◆ Recorded data ◆
--------

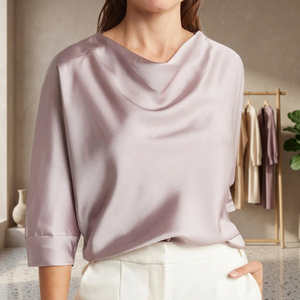 Blusa de Satén con Cuello Alto y Bordado Vintage, Ropa Casual al por Mayor ODM 2024, Impresión Personalizada para Mujer - Product Image 2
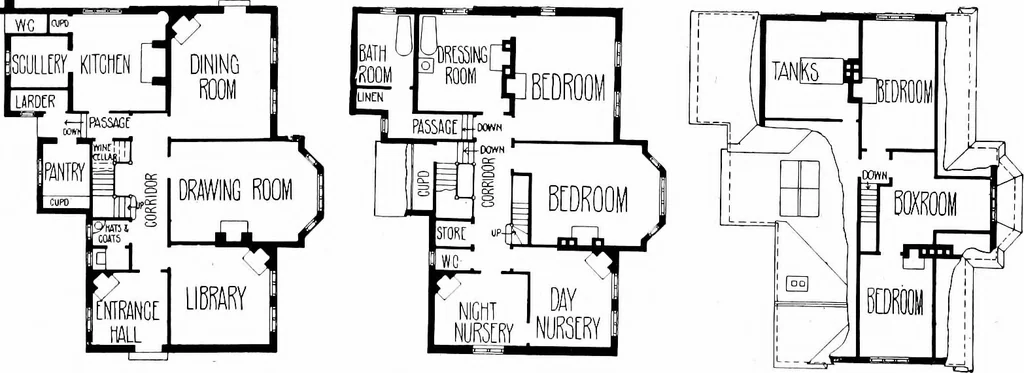 An illustration from Country cottages and week-end homes, by J. H. Elder-Duncan ... with numerous illustrations and plans of cottages by well-known architects, 1912, leaf 134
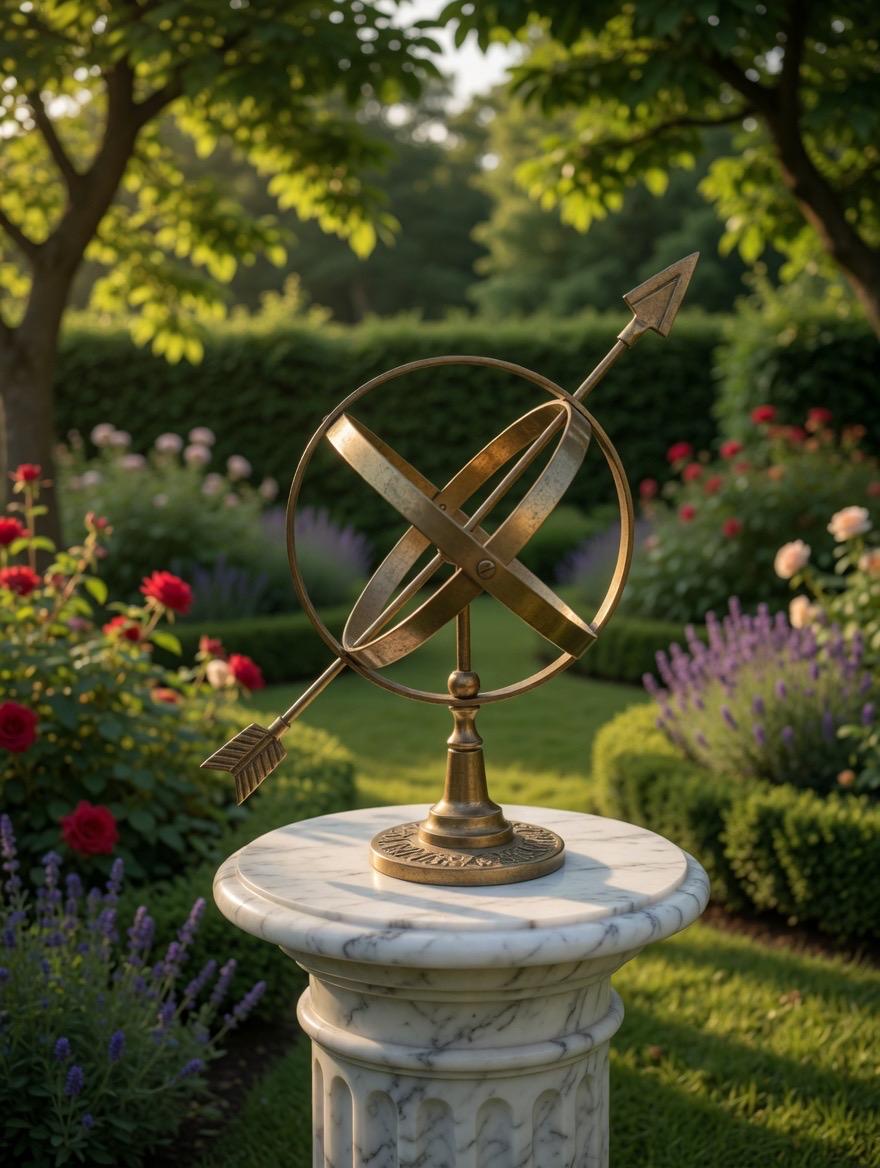 Vintage All-Brass Armillary Sphere with Long Arrow view 7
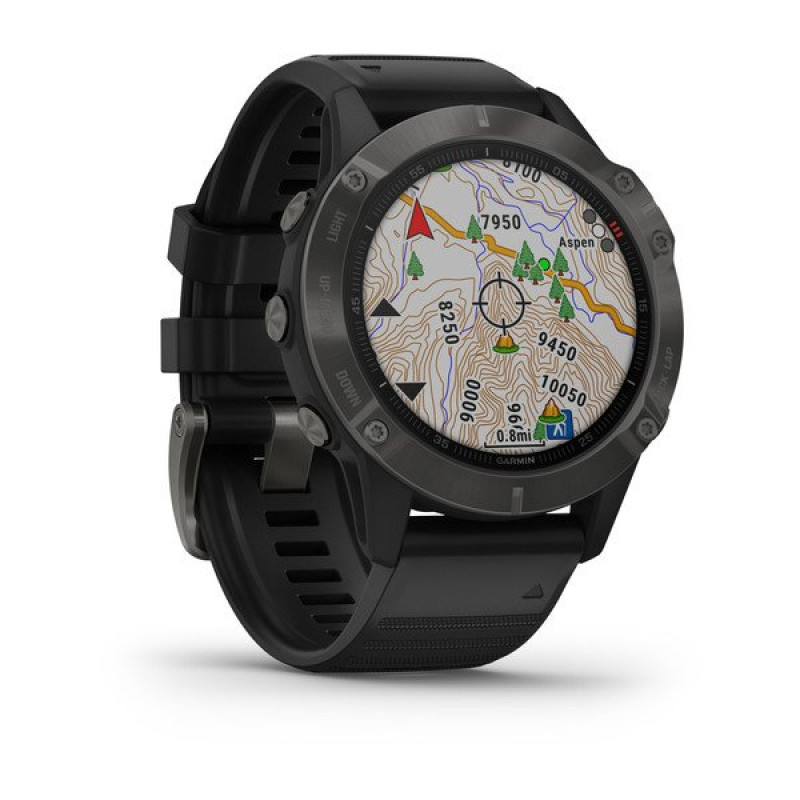 Годинник Garmin Fenix 6 Sapphire Carbon Gray DLC with Black Band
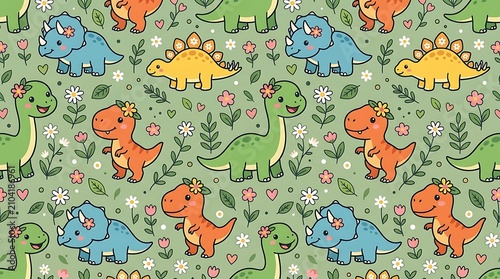 Cute colorful dinosaurs seamless pattern with flowers on green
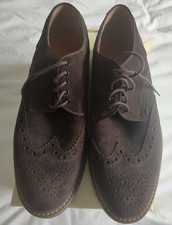 John Rocha - Mens Shoes - Size 9 - Brogue - Suede  - Chocolate Brown - Lace up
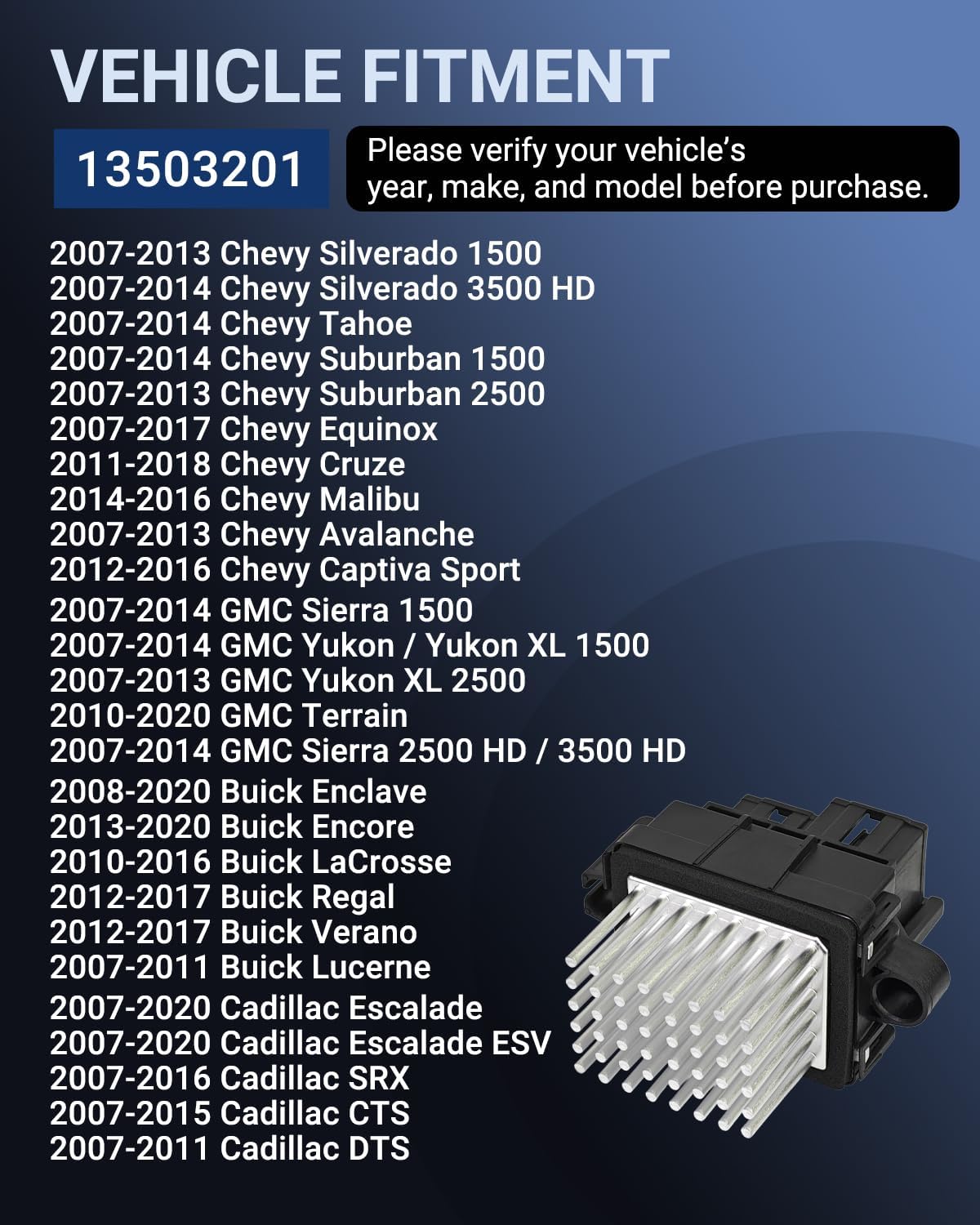 HVAC Blower Motor Resistor 13503201 Compatible for Chevy Silverado 1500 Equinox Cruze Malibu Tahoe Suburban & GMC Sierra 1500 Terrain Yukon & Buick Enclave Encore & Cadillac Escalade CTS SRX - 5Pin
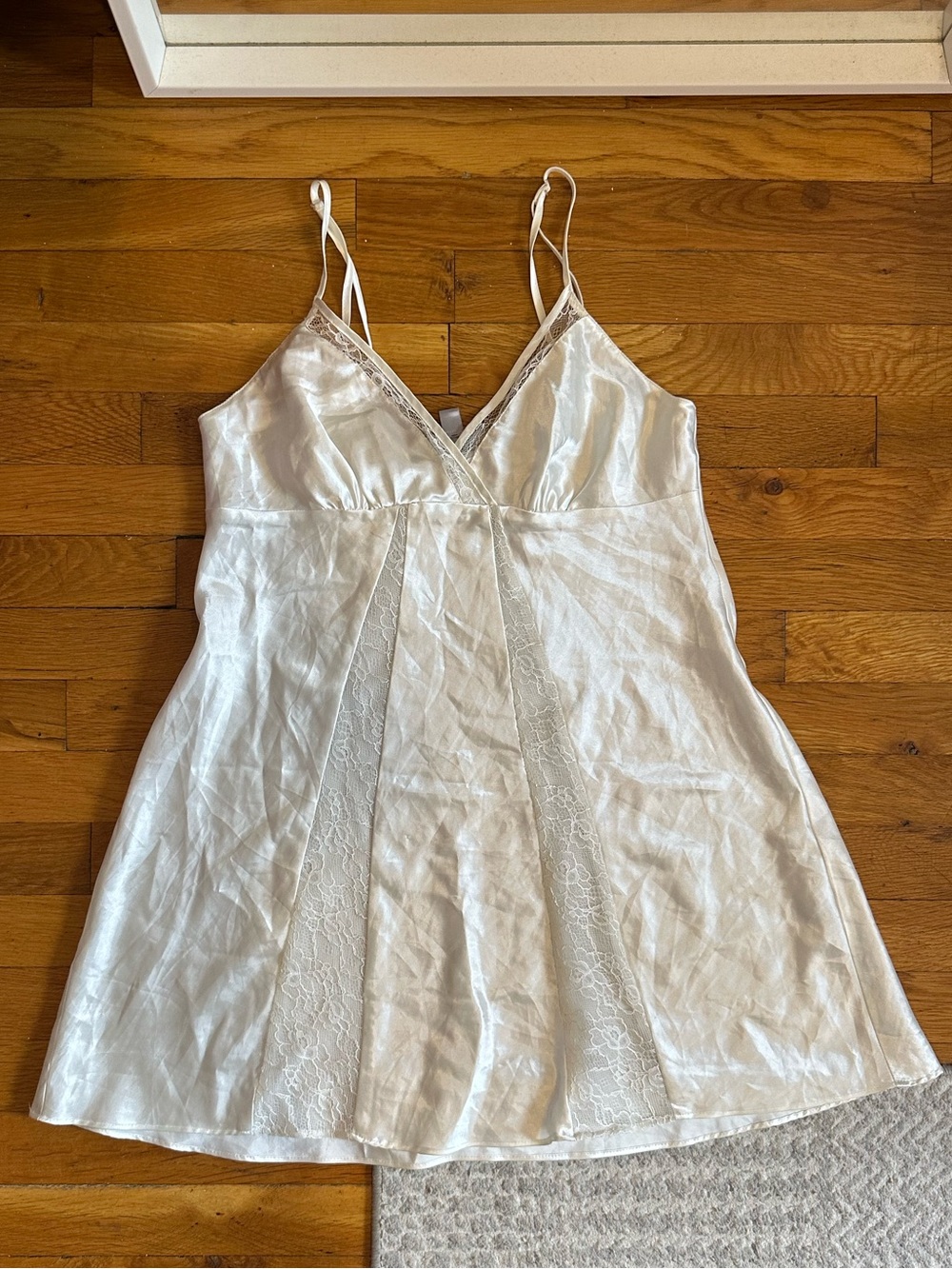 White Satin Lace Slip Dress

--------

◆ Problem description ◆
Please take the lines from the beginning of the data above through the line holding "John Rocha - Mens" and transcribe them exactly, without any pictures.

◆ Exercise result ◆
 Blusa de Satén con Cuello Alto y Bordado Vintage, Ropa Casual al por Mayor ODM 2024, Impresión Personalizada para Mujer - Product Image 2
 An illustration from Country cottages and week-end homes, by J. H. Elder-Duncan ... with numerous illustrations and plans of cottages by well-known architects, 1912, leaf 134
 Vintage All-Brass Armillary Sphere with Long Arrow view 7
 Годинник Garmin Fenix 6 Sapphire Carbon Gray DLC with Black Band
 Cute colorful dinosaurs seamless pattern with flowers on green
 John Rocha - Mens Shoes - Size 9 - Brogue - Suede  - Chocolate Brown - Lace up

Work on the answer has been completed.